Горбачев боялся чиновников и сознательно полагался на них. То избирал вице-президента из какой-то затрапезной шпаны (помните, как этот пьяненький «вице» по фамилии Янаев стал одним из руководителей путча в 1991 году и как у него тряслись руки на знаменитой пресс-конференции?), то обижался на немногих мыслящих людей в своем окружении. То, когда надо было выйти за пределы сиюминутных решений, просто ничего не делал.

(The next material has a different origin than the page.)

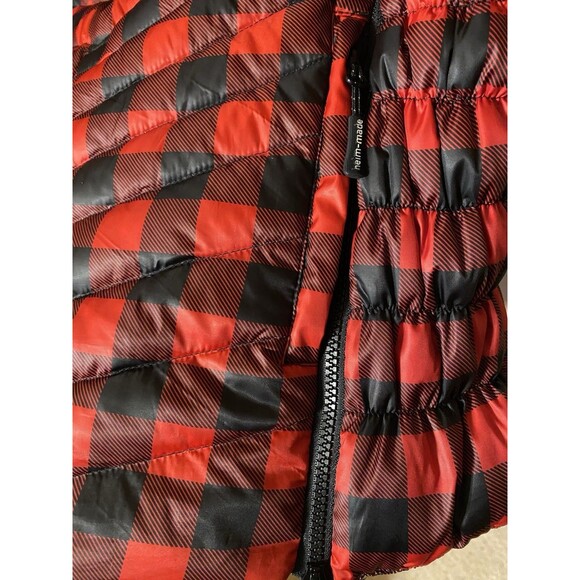 Heim-Made Lumber Jacket Puffer Red Black Plaid Women XL Down Hooded Pullover EUC - Picture 10 of 16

Помню, как в самом конце горбачевской должностной карьеры я предложил ему разослать письма мировым лидерам, недавно ушедшим в отставку (Тэтчер, Рейгану) и выступить в мировой прессе совместно с ними. Мы, мол, начинали процесс сокрушения ненависти как мировой идеологии, но не довели его до конца. Новые лидеры, приходящие в сегодняшний мир, — продолжайте! Мне долго хотелось, чтобы Горбачев стал инициатором чего-то вроде нового Хельсинкского акта, декларации против ненависти. Позже, когда Горбачев уже разъезжал по свету, читая свои скучные лекции, я еще раз предложил ему двинуть такую идею, но он еще раз не решился. В течение долгого времени его приучали не доверять вольнодумцам. Он часто повторял: «Я знаю, кто стоит у либералов за спиной!» Но Горбачев редко оглядывался и не задумывался, кто целился ему в спину.

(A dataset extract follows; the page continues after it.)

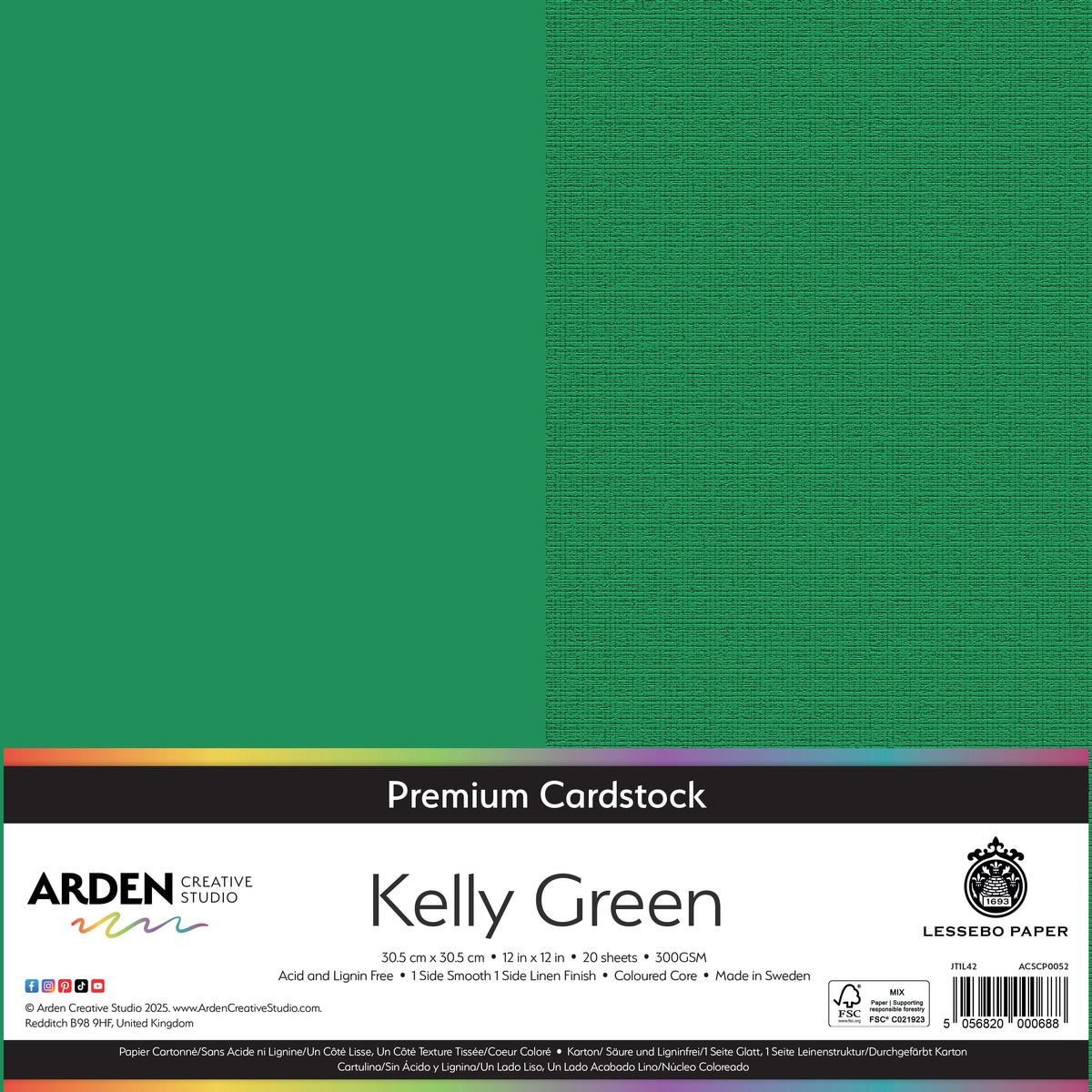 Arden Creative Studio - Premium Cardstock 12x12 - Kelly Green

Через полгода работы в «Огоньке» меня зазвал к себе в роскошную мастерскую, расположенную под крышами бывшей улицы Горького в районе ресторана «Арагви», Дмитрий Налбандян, народный художник СССР, лауреат всех советских премий, включая Ленинскую, Герой Соцтруда и прочая. Я оглядывал огромные рамы с портретами вождей, бывших и нынешних, наброски к ним, медленно продвигаясь к мольберту с большим недописанным полотном. Затем увидел и эту работу, еще не просохшую, но до боли знакомую по сюжету. Был изображен ликующий зал с ликующими представителями разных народов в национальных одеждах, с лицами, обращенными к кремлевской трибуне. А на трибуне стоял Михаил Сергеевич Горбачев, по-сталински аплодирующий навстречу залу. «Полагаете, пригодится?» — спросил я. «Не просто пригодится! — ответил Налбандян. — Уверяю вас, что через год, самое большое полтора, ко мне приедут из Кремля, аккуратно вынесут это полотно из мастерской и прикажут репродуцировать его во всех главных журналах страны, включая ваш…»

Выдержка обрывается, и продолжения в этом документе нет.